Strings in Python: UTF-8 and Source File Encoding

In Python, strings are textual data represented as sequences of Unicode characters. Since Python 3, all strings ("str" type) are Unicode by default, and UTF-8 is the standard encoding for source code files.


Are Strings in Python UTF-8?

Yes, all "str" objects in Python 3 use Unicode. By default, Python source files are expected to be UTF-8 encoded.
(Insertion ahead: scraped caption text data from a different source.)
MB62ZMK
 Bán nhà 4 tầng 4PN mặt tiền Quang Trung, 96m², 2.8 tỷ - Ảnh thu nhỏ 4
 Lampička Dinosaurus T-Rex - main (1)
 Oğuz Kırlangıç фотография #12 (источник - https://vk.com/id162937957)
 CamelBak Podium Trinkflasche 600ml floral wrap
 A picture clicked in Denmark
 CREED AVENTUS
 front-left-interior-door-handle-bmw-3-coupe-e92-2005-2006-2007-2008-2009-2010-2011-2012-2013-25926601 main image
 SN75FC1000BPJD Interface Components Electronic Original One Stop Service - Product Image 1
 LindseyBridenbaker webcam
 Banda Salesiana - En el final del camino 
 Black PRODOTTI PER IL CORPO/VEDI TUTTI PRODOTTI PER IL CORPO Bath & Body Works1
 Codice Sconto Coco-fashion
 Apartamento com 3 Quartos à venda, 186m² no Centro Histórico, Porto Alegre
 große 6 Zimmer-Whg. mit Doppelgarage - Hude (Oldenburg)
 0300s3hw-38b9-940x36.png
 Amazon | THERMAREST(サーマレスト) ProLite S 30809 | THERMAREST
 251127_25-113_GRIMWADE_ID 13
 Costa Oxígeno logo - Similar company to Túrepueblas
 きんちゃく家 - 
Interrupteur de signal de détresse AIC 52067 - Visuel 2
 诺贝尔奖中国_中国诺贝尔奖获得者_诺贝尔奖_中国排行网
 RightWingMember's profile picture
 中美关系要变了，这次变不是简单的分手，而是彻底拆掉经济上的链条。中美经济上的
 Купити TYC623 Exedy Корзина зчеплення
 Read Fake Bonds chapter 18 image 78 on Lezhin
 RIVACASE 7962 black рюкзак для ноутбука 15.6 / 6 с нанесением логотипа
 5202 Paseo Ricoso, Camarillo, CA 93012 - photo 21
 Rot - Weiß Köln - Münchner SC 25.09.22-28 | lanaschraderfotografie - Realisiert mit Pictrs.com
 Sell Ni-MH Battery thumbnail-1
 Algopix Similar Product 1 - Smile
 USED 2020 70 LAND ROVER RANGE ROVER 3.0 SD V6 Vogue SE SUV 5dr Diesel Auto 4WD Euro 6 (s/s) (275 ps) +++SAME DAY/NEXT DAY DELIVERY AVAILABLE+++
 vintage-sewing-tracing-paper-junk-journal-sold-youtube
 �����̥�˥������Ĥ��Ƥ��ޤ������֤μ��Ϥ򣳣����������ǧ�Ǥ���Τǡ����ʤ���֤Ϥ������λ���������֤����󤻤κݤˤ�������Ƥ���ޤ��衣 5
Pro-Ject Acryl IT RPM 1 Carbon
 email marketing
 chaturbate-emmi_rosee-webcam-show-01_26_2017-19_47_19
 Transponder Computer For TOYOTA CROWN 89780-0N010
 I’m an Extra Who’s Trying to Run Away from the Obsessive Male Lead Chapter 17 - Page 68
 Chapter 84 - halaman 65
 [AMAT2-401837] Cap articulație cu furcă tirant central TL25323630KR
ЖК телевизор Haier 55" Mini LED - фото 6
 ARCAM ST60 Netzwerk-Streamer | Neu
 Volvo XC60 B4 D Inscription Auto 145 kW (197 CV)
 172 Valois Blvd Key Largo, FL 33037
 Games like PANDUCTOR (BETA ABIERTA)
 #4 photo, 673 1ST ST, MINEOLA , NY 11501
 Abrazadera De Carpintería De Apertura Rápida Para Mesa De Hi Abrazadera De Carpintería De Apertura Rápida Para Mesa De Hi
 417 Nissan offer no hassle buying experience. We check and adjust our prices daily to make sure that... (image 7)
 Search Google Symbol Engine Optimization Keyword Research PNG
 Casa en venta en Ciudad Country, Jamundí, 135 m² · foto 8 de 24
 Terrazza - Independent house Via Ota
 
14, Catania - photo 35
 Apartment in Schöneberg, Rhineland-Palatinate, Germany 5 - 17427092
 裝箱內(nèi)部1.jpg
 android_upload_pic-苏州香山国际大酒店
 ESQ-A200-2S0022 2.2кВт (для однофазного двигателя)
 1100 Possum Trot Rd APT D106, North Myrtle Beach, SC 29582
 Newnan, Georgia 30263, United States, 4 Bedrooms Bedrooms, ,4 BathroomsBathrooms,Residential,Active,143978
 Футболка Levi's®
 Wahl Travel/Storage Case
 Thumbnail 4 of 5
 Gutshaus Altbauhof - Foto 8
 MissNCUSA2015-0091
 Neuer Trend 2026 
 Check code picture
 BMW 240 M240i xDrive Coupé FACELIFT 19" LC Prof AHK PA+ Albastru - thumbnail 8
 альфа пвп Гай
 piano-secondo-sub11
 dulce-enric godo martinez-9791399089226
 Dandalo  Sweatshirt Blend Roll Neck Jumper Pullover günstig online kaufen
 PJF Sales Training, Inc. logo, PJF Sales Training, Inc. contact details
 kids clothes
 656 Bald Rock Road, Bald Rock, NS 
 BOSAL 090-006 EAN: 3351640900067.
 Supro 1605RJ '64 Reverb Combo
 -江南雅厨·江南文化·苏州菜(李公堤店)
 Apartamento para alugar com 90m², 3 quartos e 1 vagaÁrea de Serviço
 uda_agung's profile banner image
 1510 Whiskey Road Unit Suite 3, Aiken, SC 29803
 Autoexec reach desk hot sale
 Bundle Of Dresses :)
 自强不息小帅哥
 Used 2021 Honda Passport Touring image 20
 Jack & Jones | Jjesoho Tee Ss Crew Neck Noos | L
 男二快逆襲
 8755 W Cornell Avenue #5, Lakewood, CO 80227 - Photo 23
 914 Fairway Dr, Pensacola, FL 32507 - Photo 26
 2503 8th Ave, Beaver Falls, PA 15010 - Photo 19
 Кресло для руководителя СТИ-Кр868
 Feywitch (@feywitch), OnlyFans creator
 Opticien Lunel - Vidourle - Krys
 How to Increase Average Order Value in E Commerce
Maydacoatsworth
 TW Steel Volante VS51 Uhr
However, "bytes" objects are not UTF-8—they are raw byte sequences.

Example: Unicode Strings in Python

s = "Café 😊"  # Unicode string
print(type(s))  # Output: <class 'str'>
print(len(s))   # Output: 6 (Counts characters, not bytes)
  • Python 3 strings ("str") store Unicode characters, not bytes.
  • Unlike Python 2, where "str" was ASCII by default, Python 3 makes all strings Unicode.

How Source File Encoding Affects String Literals

Yes, the source file encoding matters if it contains non-ASCII characters in string literals.

Case 1: Source File Saved as UTF-8 (Recommended)

s = "Café 😊"
print(s)

Works correctly, since Python 3 assumes UTF-8 encoding for source files.

Case 2: Source File Saved as ANSI (Windows-1252, ISO-8859-1)

If the source file is saved as ANSI (Windows-1252, ISO-8859-1, etc.), Python may misinterpret non-ASCII characters.

  • Running the script could result in:
    SyntaxError: Non-UTF-8 code starting with '\xE9' in file script.py
      
  • Python expects UTF-8 by default, so encoding mismatches cause errors.

  • How to Ensure Proper UTF-8 Handling

    Always save Python files as UTF-8 in editors like VS Code, PyCharm, or Notepad++.

    Specify encoding explicitly if needed (for compatibility with older Python versions):

    # -*- coding: utf-8 -*-
    s = "Café 😊"
    print(s)
    

    Use "encode()" and "decode()" for byte-string conversions:

    s = "Café"
    b = s.encode("utf-8")  # Convert to bytes
    print(b)  # Output: b'Caf\xc3\xa9'
    s2 = b.decode("utf-8")  # Convert back to string
    print(s2)  # Output: Café
    

    Handle file I/O correctly:

    with open("file.txt", "r", encoding="utf-8") as f:
    data = f.read()